One of the many kinds of sustainability enigmas involve balancing the hidden social and environmental costs to produce and dispose of information technologies with the astounding array of diverse positive benefits of these technologies.
Computers, cell phones, and other electronic tools and toys continue to become increasingly important to more people, and in more ways. Though the lives of millions of us center on computers and electronic equipment, most of us tend not to think too deeply about how these devices are created, or how they are disposed of. Here in the Portland area, there seem to be some solutions to the disposal of superseded gadgets. The Metro Regional Government provides e-waste recycling, and Free Geek refurbishes old equipment and provides them at low- or no-cost to people and organizations in need.
How do we compare and balance the obvious importance of these technologies with the very real social, economic, and environmental issues posed by the creation and disposal of this stuff?
The Lamentable Birth of Electronic Gadgets
Steve Scher featured Mike Daisey‘s work on a recent episode of his Weekday program on KUOW, Agony And Ecstasy: Solo Performer Mike Daisey Examines Steve Jobs. Daisey is an admitted technophile, but his in-depth investigation into one of Apple’s production sites in China has helped him view the computer and electronics industries in a much more complex way.
Daisey uncovered appalling labor conditions at the Special Economic Zone in Shenzhen, where the Chinese government had invited technology corporations to build the physical infrastructure and set the personnel and safety standards. With this freedom, corporations, including Apple and Nokia, established working conditions that have not been standard practices in the U.S. since the early twentieth century. In essence, Daisey concludes, technology corporations have fled the U.S. to produce their goods where health, safety, and environmental standards are extremely lax, at best, and in any event not enforced by any external authority.
Jane Horwitz writes of Daisey’s work in her Washington Post article:
- Daisey traveled last spring to Shenzhen, China, where Apple’s and other companies’ hardware is made by subcontractors such as Foxconn.
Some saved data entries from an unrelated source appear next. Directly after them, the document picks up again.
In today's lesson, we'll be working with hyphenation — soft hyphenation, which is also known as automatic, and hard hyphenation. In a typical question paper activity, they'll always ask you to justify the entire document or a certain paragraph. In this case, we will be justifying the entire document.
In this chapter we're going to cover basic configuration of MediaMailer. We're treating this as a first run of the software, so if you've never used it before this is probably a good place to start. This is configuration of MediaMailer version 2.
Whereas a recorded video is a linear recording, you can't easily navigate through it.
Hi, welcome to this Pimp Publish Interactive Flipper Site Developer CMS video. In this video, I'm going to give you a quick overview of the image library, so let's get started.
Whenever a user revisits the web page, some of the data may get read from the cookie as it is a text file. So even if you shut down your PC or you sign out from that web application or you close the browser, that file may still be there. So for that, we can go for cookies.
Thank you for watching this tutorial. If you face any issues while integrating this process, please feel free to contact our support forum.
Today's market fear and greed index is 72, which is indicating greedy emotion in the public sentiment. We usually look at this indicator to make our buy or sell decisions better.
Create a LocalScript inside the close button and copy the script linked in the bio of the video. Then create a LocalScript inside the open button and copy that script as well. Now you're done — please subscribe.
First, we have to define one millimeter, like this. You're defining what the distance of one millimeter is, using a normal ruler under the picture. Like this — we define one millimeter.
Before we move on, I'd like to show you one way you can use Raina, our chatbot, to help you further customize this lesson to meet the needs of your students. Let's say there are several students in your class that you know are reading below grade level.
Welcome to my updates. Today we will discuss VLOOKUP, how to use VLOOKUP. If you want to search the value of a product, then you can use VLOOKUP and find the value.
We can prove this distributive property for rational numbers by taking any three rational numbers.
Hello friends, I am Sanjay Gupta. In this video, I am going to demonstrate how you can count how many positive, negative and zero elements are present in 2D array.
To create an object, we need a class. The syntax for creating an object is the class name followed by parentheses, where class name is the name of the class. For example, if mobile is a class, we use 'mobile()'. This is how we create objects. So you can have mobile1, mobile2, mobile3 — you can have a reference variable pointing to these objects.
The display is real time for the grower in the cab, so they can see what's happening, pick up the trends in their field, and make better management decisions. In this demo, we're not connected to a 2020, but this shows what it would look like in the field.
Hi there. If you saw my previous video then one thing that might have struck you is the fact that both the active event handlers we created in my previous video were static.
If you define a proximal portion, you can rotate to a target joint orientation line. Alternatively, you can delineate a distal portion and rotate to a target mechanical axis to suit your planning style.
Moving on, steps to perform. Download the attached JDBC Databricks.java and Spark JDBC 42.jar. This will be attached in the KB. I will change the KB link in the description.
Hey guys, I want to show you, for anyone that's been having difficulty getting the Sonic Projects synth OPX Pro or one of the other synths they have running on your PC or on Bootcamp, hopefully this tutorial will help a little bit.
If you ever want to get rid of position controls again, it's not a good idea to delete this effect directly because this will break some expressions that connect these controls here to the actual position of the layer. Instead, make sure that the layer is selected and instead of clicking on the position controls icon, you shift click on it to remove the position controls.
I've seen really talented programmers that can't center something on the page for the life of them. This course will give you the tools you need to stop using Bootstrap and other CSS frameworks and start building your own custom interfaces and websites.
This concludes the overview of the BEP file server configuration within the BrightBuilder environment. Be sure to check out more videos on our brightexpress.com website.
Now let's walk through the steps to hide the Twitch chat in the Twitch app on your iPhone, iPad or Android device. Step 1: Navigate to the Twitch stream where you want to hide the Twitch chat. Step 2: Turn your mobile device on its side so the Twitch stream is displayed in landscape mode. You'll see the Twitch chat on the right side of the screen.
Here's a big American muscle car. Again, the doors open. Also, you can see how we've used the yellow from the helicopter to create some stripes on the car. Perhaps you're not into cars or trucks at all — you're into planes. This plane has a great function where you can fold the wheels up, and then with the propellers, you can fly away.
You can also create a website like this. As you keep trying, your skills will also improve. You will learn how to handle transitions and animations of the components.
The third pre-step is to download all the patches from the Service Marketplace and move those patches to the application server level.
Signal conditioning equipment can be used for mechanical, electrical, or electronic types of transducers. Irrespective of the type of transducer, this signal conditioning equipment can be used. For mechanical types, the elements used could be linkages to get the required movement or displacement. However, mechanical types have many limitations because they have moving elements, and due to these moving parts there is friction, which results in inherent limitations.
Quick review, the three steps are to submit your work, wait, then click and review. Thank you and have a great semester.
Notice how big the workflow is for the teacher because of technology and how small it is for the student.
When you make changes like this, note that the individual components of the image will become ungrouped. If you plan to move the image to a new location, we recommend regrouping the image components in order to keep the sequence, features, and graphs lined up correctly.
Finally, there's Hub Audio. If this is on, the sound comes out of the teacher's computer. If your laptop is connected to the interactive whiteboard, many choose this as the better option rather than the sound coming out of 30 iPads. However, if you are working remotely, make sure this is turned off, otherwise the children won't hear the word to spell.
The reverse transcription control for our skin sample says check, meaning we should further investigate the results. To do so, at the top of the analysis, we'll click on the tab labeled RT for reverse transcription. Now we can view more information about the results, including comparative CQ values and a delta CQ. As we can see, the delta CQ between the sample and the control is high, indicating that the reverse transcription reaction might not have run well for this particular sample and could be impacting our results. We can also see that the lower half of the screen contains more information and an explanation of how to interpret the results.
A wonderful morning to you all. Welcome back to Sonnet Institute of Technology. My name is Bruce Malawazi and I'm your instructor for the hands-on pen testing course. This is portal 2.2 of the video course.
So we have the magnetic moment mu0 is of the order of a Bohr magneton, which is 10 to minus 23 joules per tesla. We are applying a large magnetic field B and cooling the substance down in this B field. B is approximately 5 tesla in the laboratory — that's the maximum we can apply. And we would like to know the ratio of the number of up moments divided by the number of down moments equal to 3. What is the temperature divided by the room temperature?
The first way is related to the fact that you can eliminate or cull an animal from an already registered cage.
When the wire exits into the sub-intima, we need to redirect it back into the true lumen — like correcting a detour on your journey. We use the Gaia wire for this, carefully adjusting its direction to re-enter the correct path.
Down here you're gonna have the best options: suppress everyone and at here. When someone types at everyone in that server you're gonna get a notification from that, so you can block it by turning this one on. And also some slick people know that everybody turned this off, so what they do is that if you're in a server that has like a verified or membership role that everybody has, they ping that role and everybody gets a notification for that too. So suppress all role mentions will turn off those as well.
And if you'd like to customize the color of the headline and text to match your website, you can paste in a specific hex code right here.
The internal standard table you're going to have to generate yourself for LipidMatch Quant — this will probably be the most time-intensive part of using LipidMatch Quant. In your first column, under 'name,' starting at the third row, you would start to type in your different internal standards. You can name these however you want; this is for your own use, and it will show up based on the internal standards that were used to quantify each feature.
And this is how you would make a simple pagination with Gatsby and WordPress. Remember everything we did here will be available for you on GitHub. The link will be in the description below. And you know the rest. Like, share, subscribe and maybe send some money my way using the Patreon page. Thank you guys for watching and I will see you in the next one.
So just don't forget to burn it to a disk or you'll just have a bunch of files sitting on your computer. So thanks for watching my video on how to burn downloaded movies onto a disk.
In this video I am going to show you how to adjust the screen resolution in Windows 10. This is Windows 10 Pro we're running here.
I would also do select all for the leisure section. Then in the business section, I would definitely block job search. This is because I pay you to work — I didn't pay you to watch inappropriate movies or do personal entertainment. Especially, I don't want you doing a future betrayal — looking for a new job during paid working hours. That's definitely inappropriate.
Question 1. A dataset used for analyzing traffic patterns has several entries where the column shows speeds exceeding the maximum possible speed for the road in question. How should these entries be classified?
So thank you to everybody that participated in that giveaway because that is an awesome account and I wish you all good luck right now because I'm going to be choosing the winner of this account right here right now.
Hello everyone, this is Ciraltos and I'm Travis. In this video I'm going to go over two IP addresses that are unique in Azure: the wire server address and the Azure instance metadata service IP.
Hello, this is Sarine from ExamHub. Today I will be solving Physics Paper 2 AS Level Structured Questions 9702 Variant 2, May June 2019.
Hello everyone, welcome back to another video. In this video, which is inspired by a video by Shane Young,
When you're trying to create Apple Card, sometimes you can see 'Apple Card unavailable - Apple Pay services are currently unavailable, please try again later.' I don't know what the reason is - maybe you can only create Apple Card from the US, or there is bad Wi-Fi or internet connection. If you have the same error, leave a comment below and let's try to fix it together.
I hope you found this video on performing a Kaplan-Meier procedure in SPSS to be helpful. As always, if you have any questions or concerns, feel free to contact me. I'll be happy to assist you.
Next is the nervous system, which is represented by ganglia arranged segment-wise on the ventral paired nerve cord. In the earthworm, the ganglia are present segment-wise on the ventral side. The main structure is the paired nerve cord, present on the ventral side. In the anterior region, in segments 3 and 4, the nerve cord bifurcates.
He posed as a businessman to gain access to many factories and used an interpreter to talk with workers.
Daisey was appalled by the working conditions — factory floors packed with 25,000 and more workers, some children, doing 12- and 18-hour shifts or longer, living in cramped quarters and shadowed by factory security people.
“I expected it to be bad. I expected it to be harsh. I was not actually prepared for how dehumanizing it was. I wasn’t actually prepared for the scale of it. . . . That was what shocked me,” Daisey says.
In his interview with Steve Scher, Daisey concluded that technology consumers don’t generally know about the deplorable circumstances that went in to creating their MacBook or iPhone, but that this position of ignorance is no longer defensible. As important and enjoyable as technical gadgets are, these benefits do not accrue without some significant costs.
The Grotesque Death of Electronic Gadgets
What happens to some e-waste after it has been deposited at a recycling center? PBS’ FrontLine program produced a segment titled “Ghana: Digital Dumping Ground“:
- On the outskirts of Ghana’s biggest city sits a smoldering wasteland, a slum carved into the banks of the Korle Lagoon, one of the most polluted bodies of water on earth. The locals call it Sodom and Gomorrah.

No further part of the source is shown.